From: Erik Moeller
It's not so much an Internet/paper distinction but a primary/secondary sources distinction. Errors being promulgated from one book to the
next
happens on paper just as it happens online. A personal webpage may
well be
a much better source for vital data than a biography written by a
third
party, and that in turn may be a better source than a book that
briefly
mentions the person in context.
That reminds me...can we add a little <permanent URL for this version> at the bottom of the article pages?
We can find the link to the archived copy of previous versions, but there's presently no way to make a hard link to the presently displayed version.
That would be a very simple step in making Wikipedia usable as an "authoritative" resource, for one thing.
It's also helpful for internal discussions if you want to have a discussion comparing different versions of the same entry.
--tc
On Dec 12, 2003, at 14:57, The Cunctator wrote:
That reminds me...can we add a little <permanent URL for this version> at the bottom of the article pages?
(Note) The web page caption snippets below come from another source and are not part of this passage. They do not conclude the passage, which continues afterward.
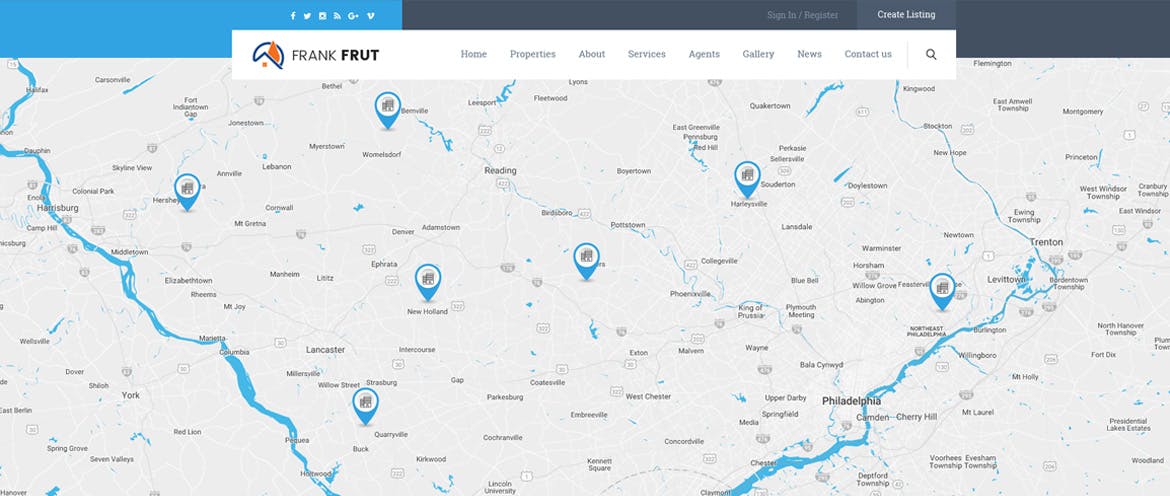 金融/保险/房地产/医疗多行业适用网站设计PSD模板 FrankFurt : Single Professional PSD Template插图(3)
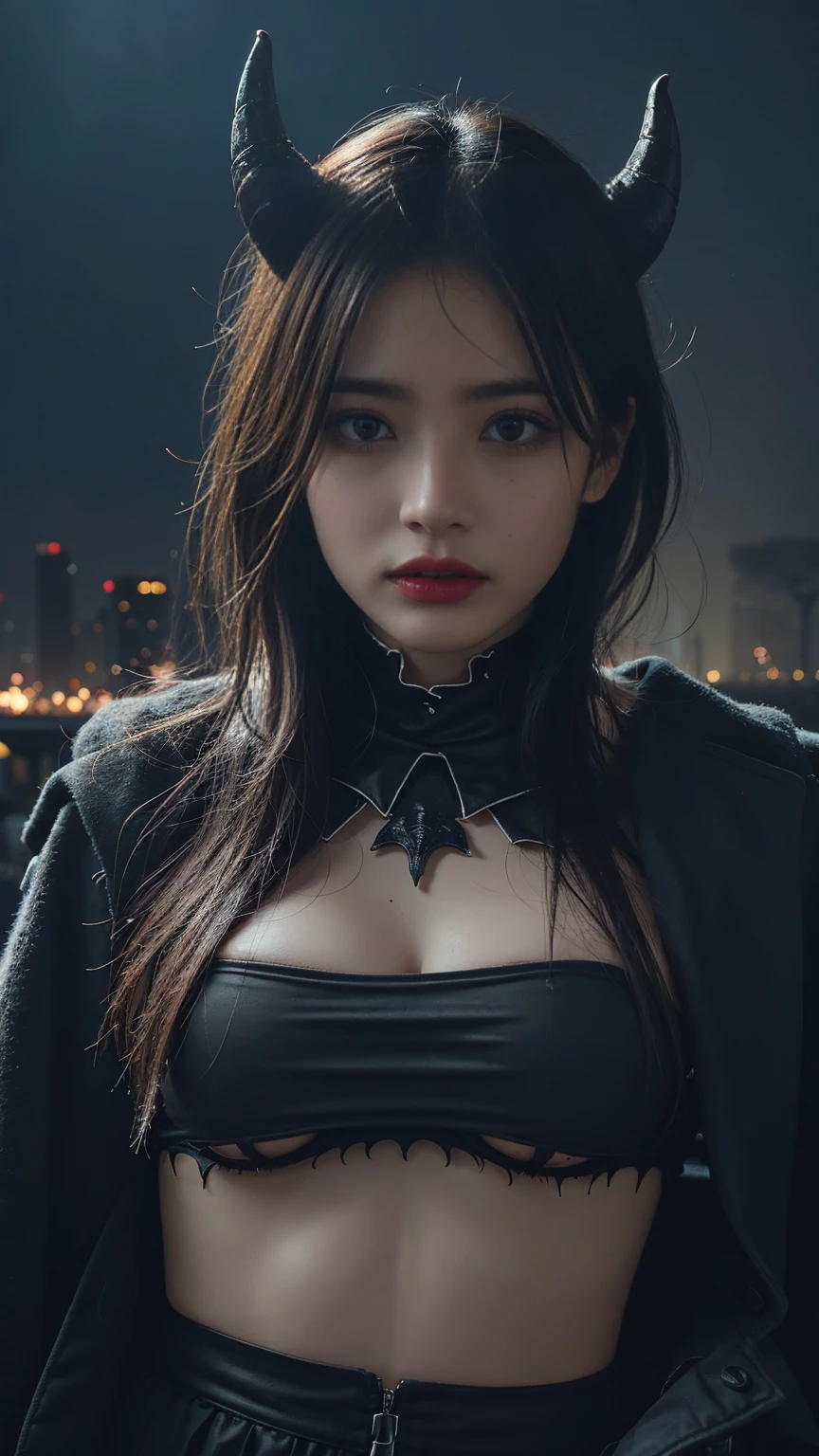 Too cute girl, Holding a black sickle emblazoned with a symbol of Japan signifying death, Black flames emerge from the decoration., The sickle blade comes out of it.、A black wind blows with the ghost of a skull, Judy female with perfect face and scythe is wearing the appropriate outfit of scythe steel, The female has black hair, The woman is the incarnation of the Grim Reaper., (The background of the CG 8k module is very detailed) (Highest quality), (Best illustrations), (Best shade), Very detailed t--v6
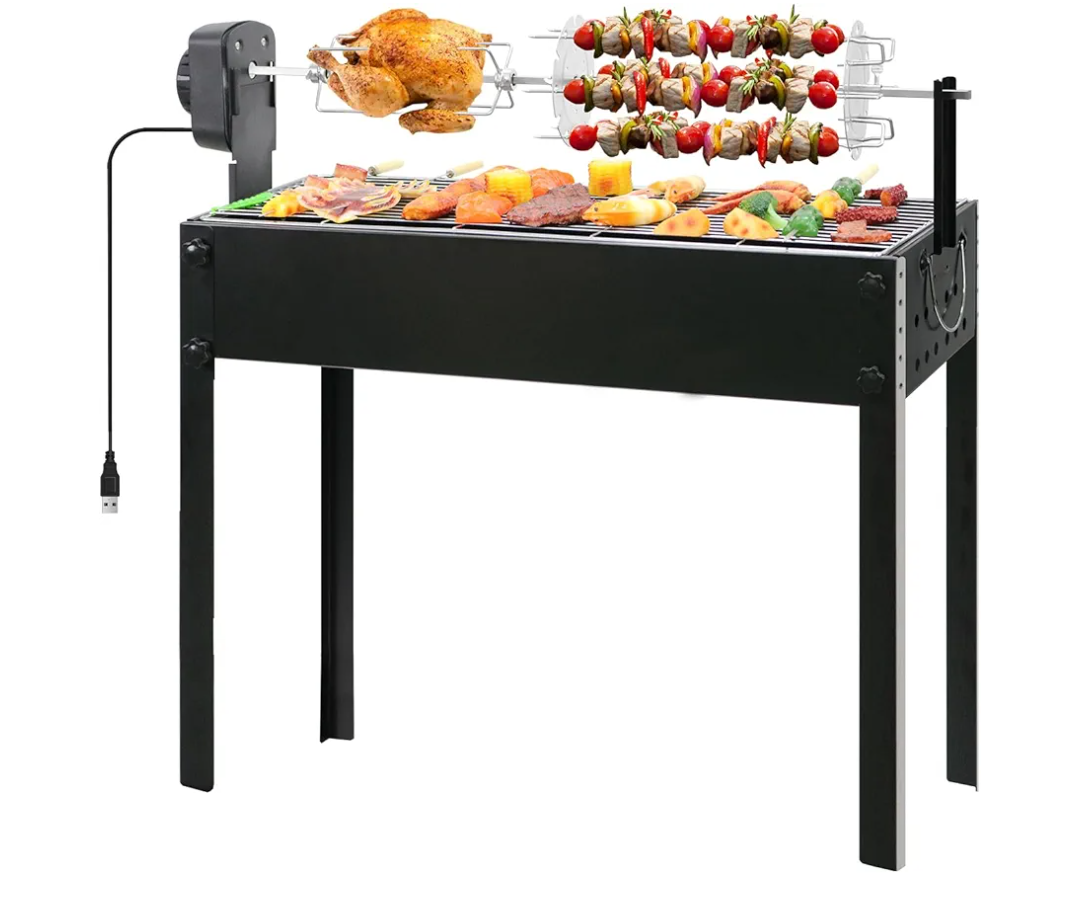 BESTHLS Barbecue Charcoal Grill with Electric Rotisserie Meat Forks & 6-Piece Skewer Set for Outdoor Cooking Camping Hiking Picnics Tailgating Backpacking or Any Outdoor Event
Not yet; the tables have to be restructured for a proper revisions table and the key number kept consistent across saves, renames, deletions and undeletions.
-- brion vibber (brion @ pobox.com)
Cunc-
That reminds me...can we add a little <permanent URL for this version> at the bottom of the article pages?
Yeah, I wanted to add this but it's a bit tricky with the current CUR/OLD setup so I might hold off until Brion reorganizes the DB, if he does. One thing that I also think might be useful for the certification process is to have some kind of flag that can be assigned to certain revisions to mark them as stable, only by sysops (I probably shouldn't say this when responding to Cunc ;).
Then you could have a special syntax that would always refer to the flagged revision, like this: [[Caesar+]], pointing to the flagged revision of [[Caesar]], or the top one if there is none. These would be assigned after the certification process in community consensus, of course.
Advantage: Makes refreshing articles in BP much easier and allows pointing to stable versions in any other context.